Let's look at the Time Period Count sub-model. Here's our setup.
This submodel's only job is to use fake customers to update the time period. Every eleven hours, we create a new fake customer, and every half hour, this customer updates a variable called "period". This variable is useful for certain statistics gathering, as well as keeping track of when the arrival rate changes and when the servers go on break.
When the counter hits twenty-two, we dispose of the fake customer, reset the counter to zero, and generate a new timekeeper. Note that the clock starts at midnight, not at 8 AM, when the call center opens. Using the period variable instead of the absolute time to keep track of the day, we can pretend that the clock runs from 8 AM to 6 PM.
Now let's look at the Create and Direct Arrival sub-model. Here's our setup.
Let's look at the first piece. We create customers, and then those customers enter into a queue of capacity zero while attempting to seize a resource called "Trunk Line", which has 26 servers. If all trunk lines are busy, the customers enter into the queue, but since the queue has capacity zero, they are immediately kicked into the "Record Busy Line" Record block. We gather some statistics, and then we dispose of the customer.
If the customer can seize a trunk line, we assign the arrival time, play some music for the customer in a Delay block, and then enter a Decide block to determine the customer's call type.
Let's look at the Decide block. As we can see, we have an "N-way by Chance" decision where we select the tech support branch 76% of the time, the sales branch 16% of the time, and the order branch 8% of the time, just as we specified earlier.
After we determine the type of call, we are done with this sub-model. We can see the small, black, square terminals at the end of each branch, indicating that we need to return to the main program.
Now, let's turn the Sales Call sub-model. Essentially, the customer seizes a salesperson, waits for some time, and then releases the salesperson and the trunk line. Finally, we collect some call statistics and then dispose of the caller. Here's our setup.
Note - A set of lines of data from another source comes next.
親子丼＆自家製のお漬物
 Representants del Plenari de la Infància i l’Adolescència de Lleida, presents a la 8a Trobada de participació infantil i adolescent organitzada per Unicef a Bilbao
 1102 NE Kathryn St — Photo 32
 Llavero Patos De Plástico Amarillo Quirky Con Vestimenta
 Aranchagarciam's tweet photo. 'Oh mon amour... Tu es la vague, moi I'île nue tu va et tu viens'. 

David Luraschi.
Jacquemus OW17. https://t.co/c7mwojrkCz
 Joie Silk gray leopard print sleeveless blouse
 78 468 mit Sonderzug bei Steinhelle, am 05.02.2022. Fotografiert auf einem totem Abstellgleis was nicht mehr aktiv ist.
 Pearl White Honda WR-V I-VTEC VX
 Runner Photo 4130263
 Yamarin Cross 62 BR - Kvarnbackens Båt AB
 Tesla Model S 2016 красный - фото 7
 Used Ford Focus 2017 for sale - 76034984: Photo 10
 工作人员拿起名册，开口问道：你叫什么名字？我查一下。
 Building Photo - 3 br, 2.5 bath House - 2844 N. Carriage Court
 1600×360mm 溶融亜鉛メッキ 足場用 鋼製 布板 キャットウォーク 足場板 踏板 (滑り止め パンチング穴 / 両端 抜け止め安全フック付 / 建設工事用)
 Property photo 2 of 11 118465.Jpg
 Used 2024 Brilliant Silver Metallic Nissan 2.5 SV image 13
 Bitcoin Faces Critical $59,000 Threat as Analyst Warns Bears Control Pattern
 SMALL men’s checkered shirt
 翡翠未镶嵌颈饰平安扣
Let's take a look at our resources in the Resource spreadsheet. Here we see our individual tech support staff and our nameless, faceless sales support staff. Additionally, we see our Trunk Line resource with its fixed capacity of 26.
Let's take a look at the Schedule spreadsheet so we can see the schedules of our various employees.
Here's Charity's schedule. We can see that she works for three and a half hours, takes a lunch break, works for another four and a half hours, and then goes home.
Now let's look at Noah's schedule. He works later, starting two and a half hours into the day and working until the call center closes.
We can look at the schedule of the sales servers. Notice that throughout the day, the capacity of this resource varies between three and seven servers.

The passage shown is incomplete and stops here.